Closing the Book Ownership Gap for ESL Families
By Daniele Berman, Book Harvest Operations Manager This article originally appeared in the Durham Herald-Sun on February 8, 2016.
Every week, more than 100 families come through the doors at Durham Public Schools’ ESL Resource Center. This is one of the very first stops for families newly arriving in Durham, eager to enroll their children in school in their new community. They may have come from Honduras or as refugees from Northern Africa, or they may be moving from a nearby town. They may speak Spanish, Cantonese, Arabic, Otomi, Chatino, or Korean. However their journey brings them to the office, they are all instantly welcomed.
McCurley helps a DPS student choose a book.
The ESL team is able to help families whose first language is not English navigate a system that can at times be overwhelming and confusing. And thanks to that team, every child who visits is able to select and keep as many books as they would like from the Book Harvest Community Book Bank shelf that greets them when they first walk in the door.
Since September 2013, Mercedes McCurley, a Community/Parent Liaison at the ESL Resource Center, has managed the Center’s partnership with Book Harvest, a local nonprofit that stocks free bookshelves with the goal of enabling all our community’s children to grow up in homes with plenty of books.
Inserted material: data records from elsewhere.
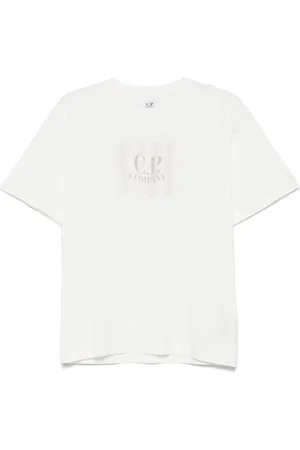 C.P. Company Playera con logo estampado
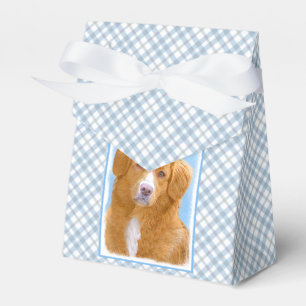 Caja Para Regalos Pintura de perro de la recuperación del pato de Nu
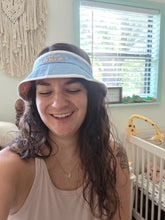 Load image into Gallery viewer, Vintage Visor-Style Bucket Hat kids 6-14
The partnership began when McCurley approached Book Harvest’s founder, Ginger Young, to discuss the need for books in the communities she serves. It has been a great partnership ever since.
Since the partnership kicked off, children visiting the Center have selected and taken home 13,136 books — everything from Goodnight Moon in Spanish to early reader LEGO adventures to Diary of a Wimpy Kid. In addition, Book Harvest is often able to provide dictionaries to further support the families’ language learning.
All of the books that children harvest through Book Harvest’s Community Book Bank—averaging 1,500 per week at more than 30 Triangle locations —are donated directly from the community. From a child contributing books from his shelves at home to a scout troop running a book drive, the “community” in Book Harvest’s Community Book Bank is as much about the people donating books as it is about partners like McCurley sharing those books.
“The families we serve have very limited resources,” says McCurley, “so buying books is not an option for them. The Book Harvest bookshelf helps close the book ownership gap.”
“Our service is very comprehensive,” McCurley continues. “Once the families visit the ESL Resource Center they know that they can come back with any questions related to educational resources.” She cites the example of a seventh grader who is gifted in math. His family lacks funds to send him to a summer camp where he can receive math enrichment; the ESL team is working to help him apply for scholarships to make camp possible this summer.
In addition to the Book Harvest books, McCurley collects a host of resources to offer families who visit – among them, more new books from nonprofit social enterprise First Book, memberships to the Museum of Life and Science, coloring books from Crayons 2 Calculators, and Blast Off to Kindergarten kits from Durham’s Partnership for Children.
“The best part of the Community Book Bank bookshelf is the daily experience of seeing children from one year old to seventeen years old walking away with their hands full of books and a smile on their faces,” says McCurley.